» **Task**
The entries that follow include a run beginning at the line with "Charcoal of a" and ending at the line with "La MV Agustina"; restate that run word for word and leave the rest out.

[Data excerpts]
····················
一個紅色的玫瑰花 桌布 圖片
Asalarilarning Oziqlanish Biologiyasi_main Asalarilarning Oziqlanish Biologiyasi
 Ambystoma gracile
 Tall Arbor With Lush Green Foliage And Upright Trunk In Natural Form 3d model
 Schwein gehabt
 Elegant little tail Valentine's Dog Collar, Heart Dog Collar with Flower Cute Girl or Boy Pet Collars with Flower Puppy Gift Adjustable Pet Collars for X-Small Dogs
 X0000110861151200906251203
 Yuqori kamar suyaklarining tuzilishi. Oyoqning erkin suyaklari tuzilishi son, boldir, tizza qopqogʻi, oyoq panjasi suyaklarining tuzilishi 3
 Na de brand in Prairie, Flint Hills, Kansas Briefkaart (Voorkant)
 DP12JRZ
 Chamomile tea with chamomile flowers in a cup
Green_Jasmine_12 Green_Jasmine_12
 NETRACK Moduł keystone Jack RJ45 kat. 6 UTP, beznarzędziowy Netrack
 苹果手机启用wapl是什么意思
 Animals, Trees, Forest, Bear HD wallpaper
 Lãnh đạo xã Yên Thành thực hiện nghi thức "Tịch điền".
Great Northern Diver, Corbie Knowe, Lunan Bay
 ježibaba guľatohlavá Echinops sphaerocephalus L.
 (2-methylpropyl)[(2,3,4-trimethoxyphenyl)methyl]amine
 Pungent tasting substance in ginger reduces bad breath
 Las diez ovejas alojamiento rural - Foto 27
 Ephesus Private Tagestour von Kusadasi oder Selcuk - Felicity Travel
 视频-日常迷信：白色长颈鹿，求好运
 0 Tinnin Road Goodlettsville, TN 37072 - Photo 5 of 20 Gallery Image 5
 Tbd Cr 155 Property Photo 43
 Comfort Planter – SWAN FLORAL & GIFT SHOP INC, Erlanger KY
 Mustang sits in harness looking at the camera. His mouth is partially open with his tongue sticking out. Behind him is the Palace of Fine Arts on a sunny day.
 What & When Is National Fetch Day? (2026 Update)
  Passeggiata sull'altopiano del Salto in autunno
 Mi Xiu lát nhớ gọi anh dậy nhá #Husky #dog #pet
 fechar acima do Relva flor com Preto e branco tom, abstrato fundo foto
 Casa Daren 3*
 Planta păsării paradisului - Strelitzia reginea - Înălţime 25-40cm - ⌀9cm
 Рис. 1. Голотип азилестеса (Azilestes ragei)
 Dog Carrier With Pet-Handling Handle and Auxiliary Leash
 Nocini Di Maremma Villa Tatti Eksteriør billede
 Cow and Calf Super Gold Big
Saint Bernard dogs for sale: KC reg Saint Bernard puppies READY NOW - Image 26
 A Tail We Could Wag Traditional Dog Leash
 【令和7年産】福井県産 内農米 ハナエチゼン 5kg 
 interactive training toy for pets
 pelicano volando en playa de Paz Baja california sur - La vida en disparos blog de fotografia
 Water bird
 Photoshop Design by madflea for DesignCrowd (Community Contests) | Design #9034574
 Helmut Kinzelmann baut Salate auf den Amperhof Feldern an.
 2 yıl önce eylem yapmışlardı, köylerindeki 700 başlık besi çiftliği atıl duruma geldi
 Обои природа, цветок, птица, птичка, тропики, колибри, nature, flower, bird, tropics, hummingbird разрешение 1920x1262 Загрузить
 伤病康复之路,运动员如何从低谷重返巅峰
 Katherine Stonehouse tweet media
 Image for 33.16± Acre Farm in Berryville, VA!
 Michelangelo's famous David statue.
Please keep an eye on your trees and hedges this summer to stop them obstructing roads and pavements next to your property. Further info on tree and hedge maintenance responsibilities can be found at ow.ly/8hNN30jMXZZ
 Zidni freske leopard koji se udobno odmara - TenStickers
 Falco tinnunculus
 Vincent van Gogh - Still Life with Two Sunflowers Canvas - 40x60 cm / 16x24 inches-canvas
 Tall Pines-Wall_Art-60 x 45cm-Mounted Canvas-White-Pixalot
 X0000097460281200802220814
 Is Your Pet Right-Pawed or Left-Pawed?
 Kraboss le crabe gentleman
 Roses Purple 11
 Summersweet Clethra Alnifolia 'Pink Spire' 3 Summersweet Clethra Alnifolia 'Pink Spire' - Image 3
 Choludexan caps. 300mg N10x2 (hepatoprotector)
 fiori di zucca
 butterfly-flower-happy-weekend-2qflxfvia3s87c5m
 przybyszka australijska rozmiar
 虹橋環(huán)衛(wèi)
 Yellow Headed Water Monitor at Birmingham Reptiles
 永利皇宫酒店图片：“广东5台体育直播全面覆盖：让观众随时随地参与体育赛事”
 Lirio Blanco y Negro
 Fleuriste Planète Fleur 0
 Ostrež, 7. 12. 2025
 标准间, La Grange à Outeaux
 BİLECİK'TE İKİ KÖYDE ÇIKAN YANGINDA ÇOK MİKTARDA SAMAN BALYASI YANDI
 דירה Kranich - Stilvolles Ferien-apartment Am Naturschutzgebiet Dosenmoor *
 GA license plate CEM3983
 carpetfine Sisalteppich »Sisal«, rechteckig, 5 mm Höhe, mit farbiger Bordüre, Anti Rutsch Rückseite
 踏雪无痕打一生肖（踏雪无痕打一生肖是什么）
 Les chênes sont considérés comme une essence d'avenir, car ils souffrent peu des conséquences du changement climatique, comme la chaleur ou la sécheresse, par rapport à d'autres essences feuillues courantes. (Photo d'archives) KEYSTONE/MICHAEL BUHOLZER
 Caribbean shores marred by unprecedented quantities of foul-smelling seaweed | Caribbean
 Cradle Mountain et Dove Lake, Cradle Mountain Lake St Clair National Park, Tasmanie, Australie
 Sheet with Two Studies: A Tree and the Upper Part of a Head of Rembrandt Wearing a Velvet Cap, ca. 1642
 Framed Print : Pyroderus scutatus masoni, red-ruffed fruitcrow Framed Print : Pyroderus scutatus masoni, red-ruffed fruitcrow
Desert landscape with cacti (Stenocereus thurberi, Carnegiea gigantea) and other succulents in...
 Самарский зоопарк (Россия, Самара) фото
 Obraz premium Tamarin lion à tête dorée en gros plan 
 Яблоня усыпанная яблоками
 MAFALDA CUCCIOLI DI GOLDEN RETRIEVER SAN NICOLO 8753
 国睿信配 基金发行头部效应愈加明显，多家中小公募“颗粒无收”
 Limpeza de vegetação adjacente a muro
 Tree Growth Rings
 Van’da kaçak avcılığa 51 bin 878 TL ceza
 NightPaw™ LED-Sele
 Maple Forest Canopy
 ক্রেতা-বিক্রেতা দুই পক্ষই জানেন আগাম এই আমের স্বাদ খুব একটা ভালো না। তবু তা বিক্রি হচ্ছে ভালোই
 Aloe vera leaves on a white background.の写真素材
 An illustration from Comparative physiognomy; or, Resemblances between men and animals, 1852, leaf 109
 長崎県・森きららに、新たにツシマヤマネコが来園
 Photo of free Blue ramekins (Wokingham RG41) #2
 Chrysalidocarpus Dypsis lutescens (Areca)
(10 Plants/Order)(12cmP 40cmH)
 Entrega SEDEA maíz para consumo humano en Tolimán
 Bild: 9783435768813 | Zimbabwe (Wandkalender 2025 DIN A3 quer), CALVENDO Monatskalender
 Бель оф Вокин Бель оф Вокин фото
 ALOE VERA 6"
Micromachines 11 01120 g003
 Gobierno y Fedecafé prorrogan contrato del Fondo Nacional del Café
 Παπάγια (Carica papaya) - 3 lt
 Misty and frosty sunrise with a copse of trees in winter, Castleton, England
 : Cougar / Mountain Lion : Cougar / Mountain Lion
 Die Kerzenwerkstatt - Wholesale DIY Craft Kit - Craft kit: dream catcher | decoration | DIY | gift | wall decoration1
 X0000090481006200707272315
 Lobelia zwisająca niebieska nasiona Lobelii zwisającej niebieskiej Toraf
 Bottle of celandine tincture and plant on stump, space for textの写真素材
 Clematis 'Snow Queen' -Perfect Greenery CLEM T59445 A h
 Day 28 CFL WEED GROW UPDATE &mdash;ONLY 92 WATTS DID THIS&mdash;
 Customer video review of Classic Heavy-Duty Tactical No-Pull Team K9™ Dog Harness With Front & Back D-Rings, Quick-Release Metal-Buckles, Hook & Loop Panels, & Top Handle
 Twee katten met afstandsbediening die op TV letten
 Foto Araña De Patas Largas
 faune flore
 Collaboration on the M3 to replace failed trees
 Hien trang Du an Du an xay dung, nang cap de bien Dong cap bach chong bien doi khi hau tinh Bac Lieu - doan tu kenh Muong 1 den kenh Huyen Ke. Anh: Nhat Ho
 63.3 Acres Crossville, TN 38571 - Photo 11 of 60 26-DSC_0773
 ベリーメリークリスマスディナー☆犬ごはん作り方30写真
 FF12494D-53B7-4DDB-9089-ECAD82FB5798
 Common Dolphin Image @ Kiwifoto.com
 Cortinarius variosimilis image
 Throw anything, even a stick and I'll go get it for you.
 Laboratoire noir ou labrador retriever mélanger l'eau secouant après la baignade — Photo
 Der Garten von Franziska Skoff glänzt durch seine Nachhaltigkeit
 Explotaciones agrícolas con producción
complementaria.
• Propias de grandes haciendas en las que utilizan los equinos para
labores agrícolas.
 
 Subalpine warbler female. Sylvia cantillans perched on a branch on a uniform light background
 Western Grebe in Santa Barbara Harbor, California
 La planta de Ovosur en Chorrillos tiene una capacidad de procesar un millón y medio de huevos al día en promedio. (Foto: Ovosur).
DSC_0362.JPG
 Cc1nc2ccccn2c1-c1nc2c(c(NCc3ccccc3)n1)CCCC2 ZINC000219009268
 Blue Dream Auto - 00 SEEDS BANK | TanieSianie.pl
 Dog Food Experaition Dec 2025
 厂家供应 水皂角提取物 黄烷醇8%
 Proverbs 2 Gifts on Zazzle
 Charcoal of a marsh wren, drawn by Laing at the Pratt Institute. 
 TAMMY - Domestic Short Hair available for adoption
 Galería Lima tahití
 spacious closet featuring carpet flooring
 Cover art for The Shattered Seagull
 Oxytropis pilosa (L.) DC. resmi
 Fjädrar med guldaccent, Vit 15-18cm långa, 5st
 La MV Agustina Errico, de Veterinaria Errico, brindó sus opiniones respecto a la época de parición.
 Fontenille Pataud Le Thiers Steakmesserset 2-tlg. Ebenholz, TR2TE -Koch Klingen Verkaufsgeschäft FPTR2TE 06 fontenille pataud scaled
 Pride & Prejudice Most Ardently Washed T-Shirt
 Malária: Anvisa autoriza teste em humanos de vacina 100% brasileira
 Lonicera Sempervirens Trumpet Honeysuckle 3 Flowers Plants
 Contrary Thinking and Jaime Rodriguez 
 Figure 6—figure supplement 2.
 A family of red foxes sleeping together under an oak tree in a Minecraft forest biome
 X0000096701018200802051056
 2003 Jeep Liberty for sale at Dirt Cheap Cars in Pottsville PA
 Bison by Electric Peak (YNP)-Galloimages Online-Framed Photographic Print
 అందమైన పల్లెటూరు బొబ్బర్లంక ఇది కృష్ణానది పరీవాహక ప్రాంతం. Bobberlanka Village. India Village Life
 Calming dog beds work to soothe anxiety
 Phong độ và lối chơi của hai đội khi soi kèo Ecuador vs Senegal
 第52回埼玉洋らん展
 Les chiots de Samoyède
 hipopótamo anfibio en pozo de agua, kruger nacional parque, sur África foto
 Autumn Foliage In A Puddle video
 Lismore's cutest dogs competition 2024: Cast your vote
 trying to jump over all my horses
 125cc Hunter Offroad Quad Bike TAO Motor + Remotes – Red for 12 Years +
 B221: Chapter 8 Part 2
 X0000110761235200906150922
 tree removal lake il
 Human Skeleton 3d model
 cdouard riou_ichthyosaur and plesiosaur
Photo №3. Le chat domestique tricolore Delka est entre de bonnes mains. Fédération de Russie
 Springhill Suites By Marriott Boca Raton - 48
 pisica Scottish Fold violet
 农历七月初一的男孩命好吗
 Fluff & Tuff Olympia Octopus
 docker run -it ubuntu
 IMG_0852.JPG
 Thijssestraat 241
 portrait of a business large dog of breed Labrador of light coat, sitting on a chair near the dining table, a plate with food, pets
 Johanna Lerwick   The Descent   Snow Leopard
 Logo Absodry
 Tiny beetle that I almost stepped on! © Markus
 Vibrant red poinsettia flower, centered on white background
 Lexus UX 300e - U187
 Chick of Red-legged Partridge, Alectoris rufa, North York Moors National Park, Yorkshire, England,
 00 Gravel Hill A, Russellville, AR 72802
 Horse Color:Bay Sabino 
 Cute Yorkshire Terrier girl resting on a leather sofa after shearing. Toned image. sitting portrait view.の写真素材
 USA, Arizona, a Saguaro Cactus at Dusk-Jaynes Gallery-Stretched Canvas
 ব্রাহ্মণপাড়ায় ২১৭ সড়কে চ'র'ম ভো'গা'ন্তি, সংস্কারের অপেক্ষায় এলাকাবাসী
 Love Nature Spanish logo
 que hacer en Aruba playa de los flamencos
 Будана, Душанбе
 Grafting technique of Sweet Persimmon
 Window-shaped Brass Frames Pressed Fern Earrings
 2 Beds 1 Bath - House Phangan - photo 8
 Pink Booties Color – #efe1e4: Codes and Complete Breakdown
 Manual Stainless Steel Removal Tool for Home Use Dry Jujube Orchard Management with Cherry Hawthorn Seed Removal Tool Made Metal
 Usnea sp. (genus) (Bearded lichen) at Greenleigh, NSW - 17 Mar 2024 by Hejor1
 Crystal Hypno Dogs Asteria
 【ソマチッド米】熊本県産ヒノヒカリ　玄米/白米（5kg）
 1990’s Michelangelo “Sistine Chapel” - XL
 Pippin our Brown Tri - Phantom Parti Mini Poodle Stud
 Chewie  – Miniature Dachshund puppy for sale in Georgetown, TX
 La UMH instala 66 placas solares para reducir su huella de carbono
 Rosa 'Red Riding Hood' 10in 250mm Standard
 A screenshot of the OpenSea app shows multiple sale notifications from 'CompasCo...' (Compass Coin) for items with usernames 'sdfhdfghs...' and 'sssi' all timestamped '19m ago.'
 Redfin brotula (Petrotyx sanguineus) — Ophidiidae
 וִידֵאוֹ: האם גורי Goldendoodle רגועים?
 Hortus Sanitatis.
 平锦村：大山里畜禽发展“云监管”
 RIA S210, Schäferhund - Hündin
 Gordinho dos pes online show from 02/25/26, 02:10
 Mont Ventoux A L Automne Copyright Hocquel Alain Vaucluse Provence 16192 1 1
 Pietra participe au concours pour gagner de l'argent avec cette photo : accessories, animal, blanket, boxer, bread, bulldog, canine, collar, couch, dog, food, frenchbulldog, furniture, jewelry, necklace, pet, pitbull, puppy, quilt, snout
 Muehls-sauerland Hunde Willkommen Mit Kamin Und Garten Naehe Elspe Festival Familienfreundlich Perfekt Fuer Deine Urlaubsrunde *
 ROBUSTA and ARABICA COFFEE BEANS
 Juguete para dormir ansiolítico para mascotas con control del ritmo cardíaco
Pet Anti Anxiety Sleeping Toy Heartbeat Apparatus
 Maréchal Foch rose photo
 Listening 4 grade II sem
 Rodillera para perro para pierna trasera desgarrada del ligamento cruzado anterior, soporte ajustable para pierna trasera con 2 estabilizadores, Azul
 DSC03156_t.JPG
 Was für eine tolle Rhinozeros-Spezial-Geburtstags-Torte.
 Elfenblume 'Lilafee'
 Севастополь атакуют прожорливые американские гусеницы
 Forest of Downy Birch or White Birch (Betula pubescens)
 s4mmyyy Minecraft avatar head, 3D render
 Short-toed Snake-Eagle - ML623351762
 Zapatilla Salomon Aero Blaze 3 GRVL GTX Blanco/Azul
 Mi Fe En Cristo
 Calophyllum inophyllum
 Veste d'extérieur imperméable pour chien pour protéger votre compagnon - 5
····················
» **Exercise response**
 Charcoal of a marsh wren, drawn by Laing at the Pratt Institute. 
 TAMMY - Domestic Short Hair available for adoption
 Galería Lima tahití
 spacious closet featuring carpet flooring
 Cover art for The Shattered Seagull
 Oxytropis pilosa (L.) DC. resmi
 Fjädrar med guldaccent, Vit 15-18cm långa, 5st
 La MV Agustina Errico, de Veterinaria Errico, brindó sus opiniones respecto a la época de parición.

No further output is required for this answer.